Excited by this opportunity, Anne took this dream job and started considering her career as a healthcare lawyer. However, after her four-year contract ended at Obama One, she noticed a small article in Time Magazine about the administration denying water rights to legal marijuana growers in Washington and Colorado.
Surprised at this unjust action, Anne decided to help the struggling entrepreneurs in the cannabis industry. However, she soon realized that firms would not touch this undefined area of law so she decided to start her own law firm, which became 7 Point Law.
“We write our own rule book for how this firm is run.” Anne quotes. She was not going to make the same mistakes the entrenched old school law firms make in rigid thinking about roles and operations.

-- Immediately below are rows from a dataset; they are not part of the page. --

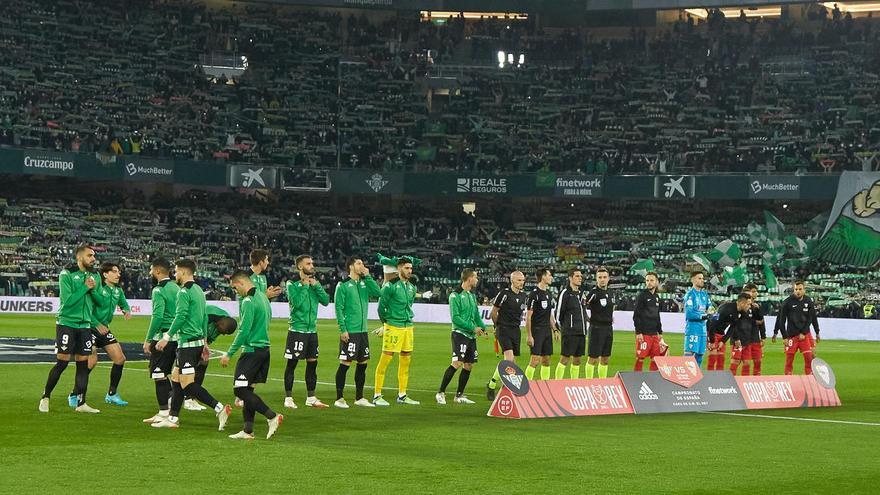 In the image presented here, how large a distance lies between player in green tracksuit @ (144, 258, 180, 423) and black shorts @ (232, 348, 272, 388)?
1.83 m

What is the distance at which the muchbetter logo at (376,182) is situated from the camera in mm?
62844

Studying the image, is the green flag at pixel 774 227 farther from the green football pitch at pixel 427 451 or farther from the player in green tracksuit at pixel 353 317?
the player in green tracksuit at pixel 353 317

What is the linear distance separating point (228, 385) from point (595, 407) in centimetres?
747

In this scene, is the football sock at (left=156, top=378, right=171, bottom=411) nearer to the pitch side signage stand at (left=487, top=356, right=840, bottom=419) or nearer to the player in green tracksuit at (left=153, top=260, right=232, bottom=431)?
the player in green tracksuit at (left=153, top=260, right=232, bottom=431)

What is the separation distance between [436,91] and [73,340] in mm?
52627

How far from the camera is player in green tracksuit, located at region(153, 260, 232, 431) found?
16438 mm

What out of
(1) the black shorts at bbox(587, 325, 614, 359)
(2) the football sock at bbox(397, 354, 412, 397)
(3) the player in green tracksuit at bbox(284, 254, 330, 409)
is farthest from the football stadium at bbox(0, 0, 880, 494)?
(3) the player in green tracksuit at bbox(284, 254, 330, 409)

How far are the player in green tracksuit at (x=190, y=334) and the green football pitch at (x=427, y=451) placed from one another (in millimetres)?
499

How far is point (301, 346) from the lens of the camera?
2050 cm

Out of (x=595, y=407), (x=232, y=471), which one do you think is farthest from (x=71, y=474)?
(x=595, y=407)

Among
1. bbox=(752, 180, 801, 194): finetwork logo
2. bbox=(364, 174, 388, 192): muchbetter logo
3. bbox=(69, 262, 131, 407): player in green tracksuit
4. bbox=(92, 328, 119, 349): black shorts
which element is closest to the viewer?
bbox=(69, 262, 131, 407): player in green tracksuit

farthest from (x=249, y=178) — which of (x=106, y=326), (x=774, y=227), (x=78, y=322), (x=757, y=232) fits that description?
(x=78, y=322)

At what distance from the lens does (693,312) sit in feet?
89.1

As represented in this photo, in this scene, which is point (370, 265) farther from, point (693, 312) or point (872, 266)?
point (693, 312) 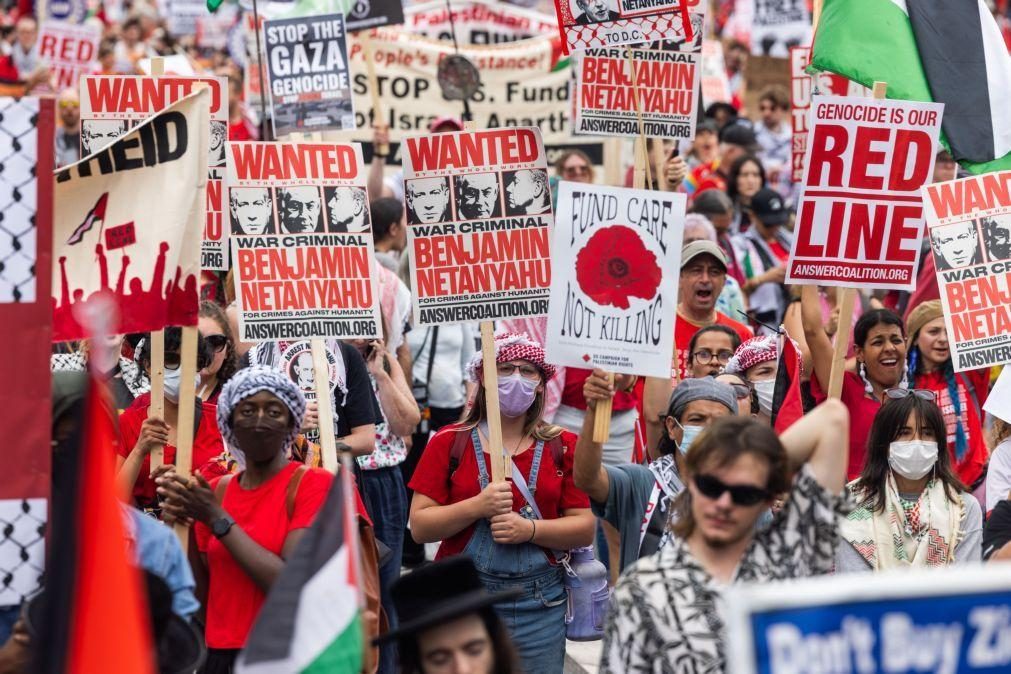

It was a struggle to find banking, insurance, and other basic needs for a start-up even though she was a law firm, not a marijuana company. One bank closed her account after she deposited six hundred thousand dollars in cash. Despite all the challenges, her firm came to be recognized as a reflection of her integrity, fairness, and support of minority and female-owned businesses.
The cannabis industry matured a lot since 2014 and 2015 when Anne established her law firm. In these early days, she has spent a lot of time in one-on-one and in group teaching sessions, working with clients she meet when speaking at some of the forty-three cannabis organizations that quickly formed in Washington State.
She spoke at engagements of topics important to the new entrepreneurs, including business formation, operations of start-ups, dealing with regulations, negotiations, and the current situation of the industry. As the legal marijuana industry was evolving quickly with changes in rules, procedures, and regulations there was a massive amount of information that needed to be processed, analyzed, and presented to clients.
Yet, Anne did it all. The firm initially started with just Anne, her laptop, and a phone, and by 2017 was representing a quarter of Washington’s legal cannabis industry, expanding from Washington State into Oregon, California, and an office in Maryland to support the federal legalization efforts.
All thanks to Anne’s sharp mind and cutting-edge experience that helped her become a star lawyer! She is currently writing a much-anticipated memoir on the early days of legal cannabis, which will be published before the end of 2021.